Whereas community based healthcare has the potential to contribute to better health outcomes, the gap between the community health and formal health systems remains wide. Fifty percent of Africans still do not have access to quality healthcare.
OUR CALL TO ACTION
The Africa Health Agenda International Conference 2017 has discussed these challenges under three threads: People, Systems and Innovation.
1. Human Resource: We must employ the ‘tools of our time’ to formulate and implement appropriate policies to mitigate the impact of the significant health worker shortage in Africa. This includes the issues of skewed distribution, brain –drain and migration. We must tailor and innovate our health worker training to address the gaps in both health worker numbers and competencies
2. Community Health Workers: Community participation and ownership must be at the center of primary health care and universal health coverage, given the critical role that the community health system plays in linking households to the formal health system.
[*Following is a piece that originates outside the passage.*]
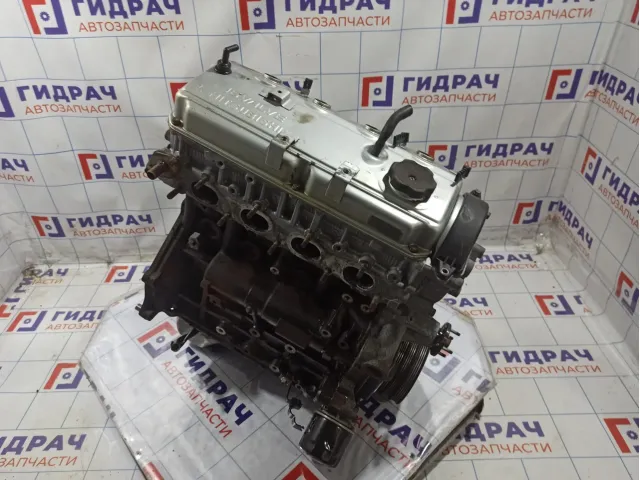 Двигатель Great Wall Hover H5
We call on governments the civil society, and the private sector to formally recognise and make Community Health Workers an integral part of the formal health workforce.
3. Our Young People: We must meaningfully involve young people to co-create strategies, scientific approaches and investments to improve their health and implement policies that are youth-centered. Nothing for the youth without the youth!
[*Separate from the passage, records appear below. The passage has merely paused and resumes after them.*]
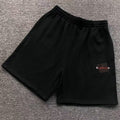 B - SHORTS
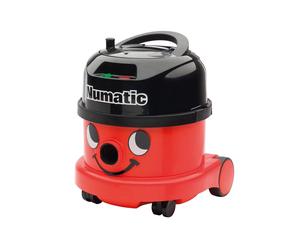 Numatic PPR240 Mains Vacuum Cleaner 620W 9L Red PPR.240-11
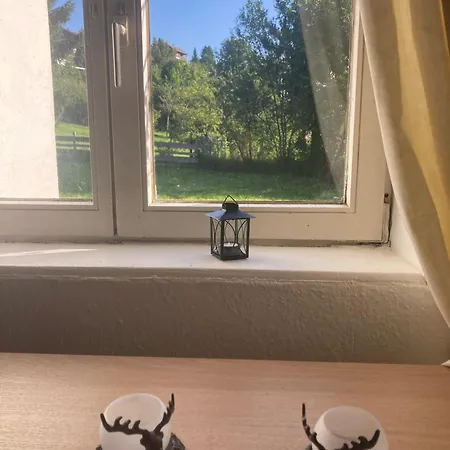 Haus Waescher * Hirschegg (Vorarlberg)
4. Strong, Visionary Leadership: We must build our strengths in leadership, management and governance at political, technical and community levels.
1. Universal Health Access: We recognise that community-based health insurance, integration of national Health Insurance Schemes and use of Community Health Workers to increase enrolment are potential avenues for mitigating the challenges in access to national health insurance funds.
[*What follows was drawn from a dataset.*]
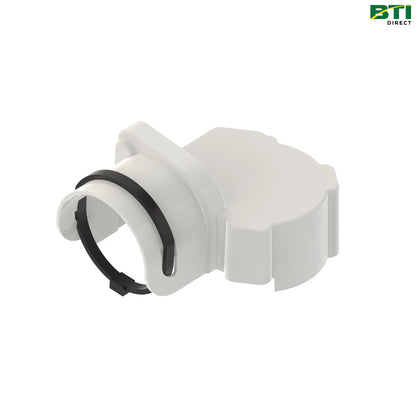 AXE72190: Auger Motor Cover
2. Global Health Security: We recognise that successful health systems require good systems for health. We must significantly increase investments in Primary Health Care as the backbone of global health security and universal health coverage. This must be supported through increased capacity for surveillance; strengthened systems to detect outbreaks with short reporting time; enhanced community engagement for early detection and response; and legislation of frameworks for epidemic response.
3. Public, Private and Community Partnerships: We need appropriate and robust legal, policy and regulatory frameworks that recognise and are respectful of the value systems of state and non-state actors to create partnerships between equals. We call on governments, civil society and the private sector to engage in dialogue to build trust; we urge the Private sector to embed PPPs in the main business of companies as opposed to their charitable foundations; and the civil society to engage governments in translating evidence into action.
1. Evidence and Resources: We must create the platforms that ensure that research and innovations are translated into evidence-based policy-making and actions. We call on governments in Africa to enact policies and legislation and to allocate the requisite resources to generate and use evidence.
2. Technology: We must harness the unlimited possibilities offered by technology in general, and particularly mobile technology and telemedicine, to address health challenges and achieve improved health outcomes. Governments must put in place policies and legislation for effective integration of technology in the health system.
3. Scale and Sustainability: We must be bold and have confidence in our home-grown, relevant innovations, bringing them to scale and creating more synergy. We must ensure more of our continent’s great ideas reach the widest possible population.
This week we have created a blueprint for health in Africa. But a beautiful document is not enough. We call on governments to live up to their commitments and implement the global, regional and local instruments they have already signed. We too must do our part. Let us now go out and do what it takes to create lasting health change in Africa.